Banks offer these informational events as a way to introduce potential customers to their services. And while the intent is obvious, you can glean a lot of good information on everything from buying a home to paying for college to planning for retirement -- all while scoping out service providers.

Try Before You Buy

Many banks, large and small, want current and prospective customers to understand the full range of products they offer, and see consultations as a means of finding the right fit.

The idea isn't a new one, but with as big banks struggle to appear more customer-friendly in the wake of years of banking scandals, those marketing pitches are coming with a softer side that includes personal consultations, for customers and non-customers alike.

And if gaining financial information has never been easier, making sense of it has never been tougher. What is the full cost of a service? What fees are involved? What does the fine print really mean?
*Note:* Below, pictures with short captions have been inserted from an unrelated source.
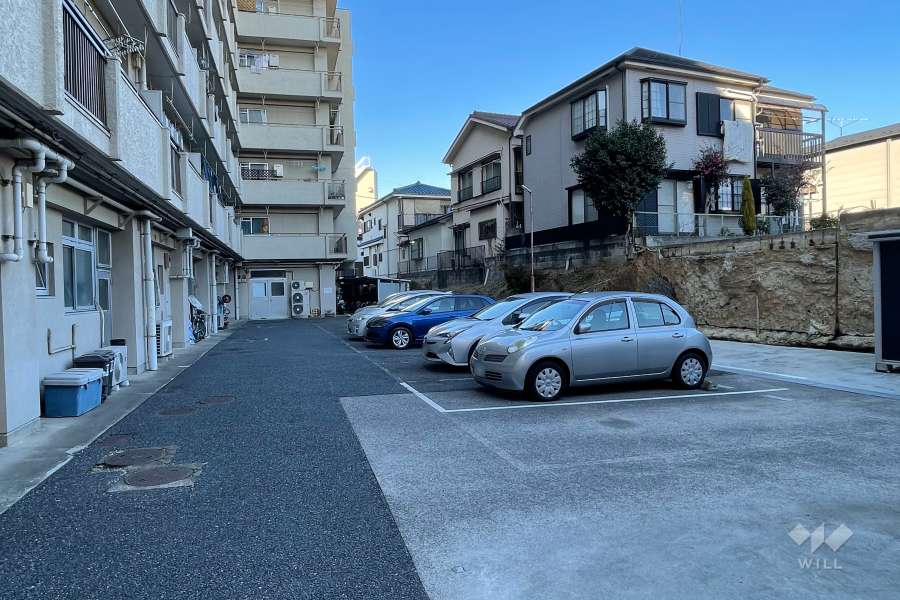 敷地内駐車場（屋外平面式）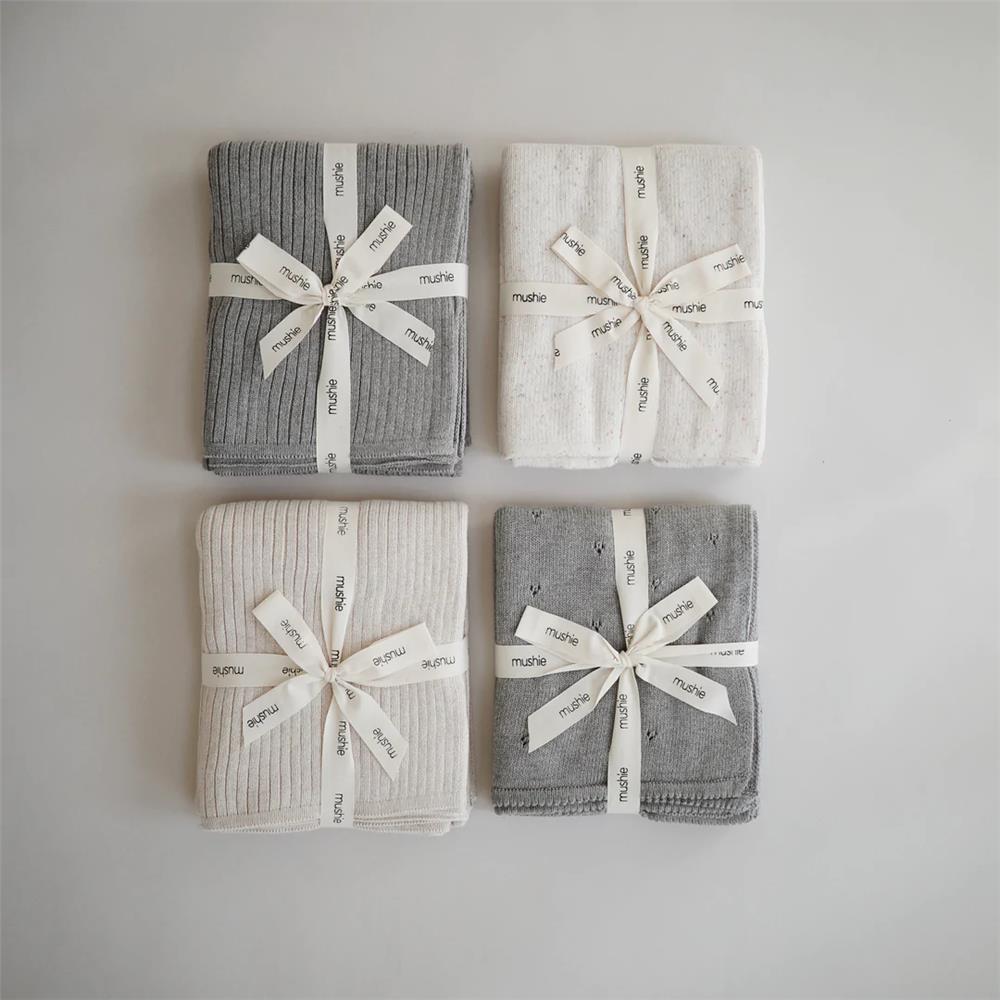 Mushie Gestrickte Babydecke Rippenmuster, Gray Melange, aus 100% Bio-Baumwolle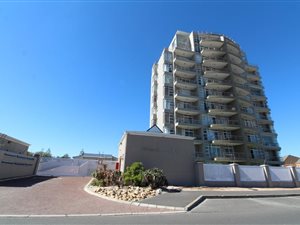 2 Bed Apartment in Bloubergstrand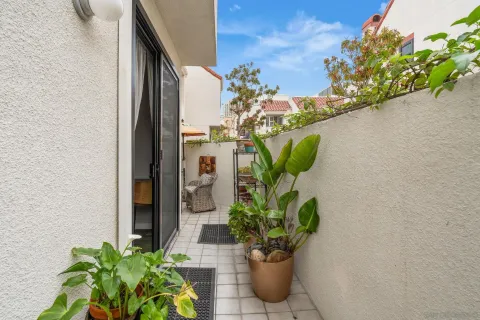 $829,000 | 701 Kettner Boulevard, Unit 21, San Diego, CA 92101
This is your chance to get those answers before you commit to becoming a customer.

Richele Messick of Wells Fargo says there's only so much the Internet can do: "There's no replacement for sitting down with a banker and having that conversation [about] 'What do I think I have together and what do I not?'"

Smaller, Friendlier Banking

Many credit unions consider increasing financial literacy to be one of their core missions and, like the State Department Federal Credit Union in the metro D.C. area, offer classes in everything from home-buying to financial planning to saving for college.

But some take their outreach a step further. Bay Federal Credit Union in California, for example, offers a comprehensive suite of financial literacy programs for kids, teens, adults and teachers. And it's hardly the only one. Credit unions across the country frequently offer similar seminars, often without the hard sell of larger, for-profit banks. And because many credit unions link into networks, a member of one can often take advantage of learning opportunities at another.

Get the Most Out of Your Scouting Trip

Before you attend a seminar or one-on-one consultation, think about what you ultimately want from the service provider.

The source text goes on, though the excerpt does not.